Ramaphosa 'sold out': Mpofu

By Drum Digital
12 August 2014

Deputy President Cyril Ramaphosa should have addressed the causes of the August 2012 Marikana unrest before attempting to curb its consequences, the Farlam Commission of Inquiry heard on Tuesday.

"You have been negotiating conflicts for a long time, you know that you can't resolve a problem at the branches ignoring the root cause," said Dali Mpofu, for wounded and arrested Marikana miners.

"Surely, you don't expect anyone to believe that you, of all people, would ignore the root cause."

Ramaphosa said his attention was on addressing further deaths and stabilising the situation at Lonmin's mining operations at Marikana, near Rustenburg in the North West.
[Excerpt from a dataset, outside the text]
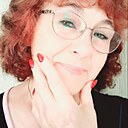 Знакомства: Вера, 59 лет, Кострома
"You were simply assimilated into the way of thinking of the Lonmin management. You didn't play your role, using your skills to change their thinking," Mpofu said.

"To that extent, you sold out. What is worse is that you did this for financial gain at the expense of the lives of people whose lives you were meant to transform. It's like selling out for 30 pieces of silver." Ramaphosa was a Lonmin non-executive director and a shareholder at the time of the Marikana shootings. He left his position at Lonmin in January last year, shortly after becoming deputy president of the African National Congress. He said financial gain did not influence his intervention.

"I must tell you that Shanduka invested R300 million into this company and that money was lost as early as 2011. It was a catastrophic financial loss for Shanduka," said Ramaphosa.

"Financial gain was not part of it. We didn't even expect any of the investment. We do not even think of beginning to recoup it. It is written off."

Mpofu said Ramaphosa had stayed in the business because he did not want to suffer further losses or thought he would recoup his investments.

The commission is investigating the deaths of 44 people during strike-related violence at Lonmin's platinum mining operations at Marikana.

Thirty-four people, mostly striking mineworkers, were shot dead in a clash with police, over 70 were wounded, and over 250 arrested on August 16, 2012. Police were apparently trying to disarm and disperse them.

In the preceding week, 10 people, including two policemen and two Lonmin security guards, were killed.

On Tuesday, Mpofu said Ramaphosa used his political clout to influence then mineral resources minister Susan Shabangu to change her classification of the Marikana events.

"You know that you achieved that purely because of the political power that you wield and your partners at Lonmin were sending you to do so. You said they sent you speak to the minister because they knew you could.

"You knew that you wielded a considerable amount of political power which you wanted to use and transform to political pressure with the fast, instant outcome that it achieved." Ramaphosa responded: "I just had access to her."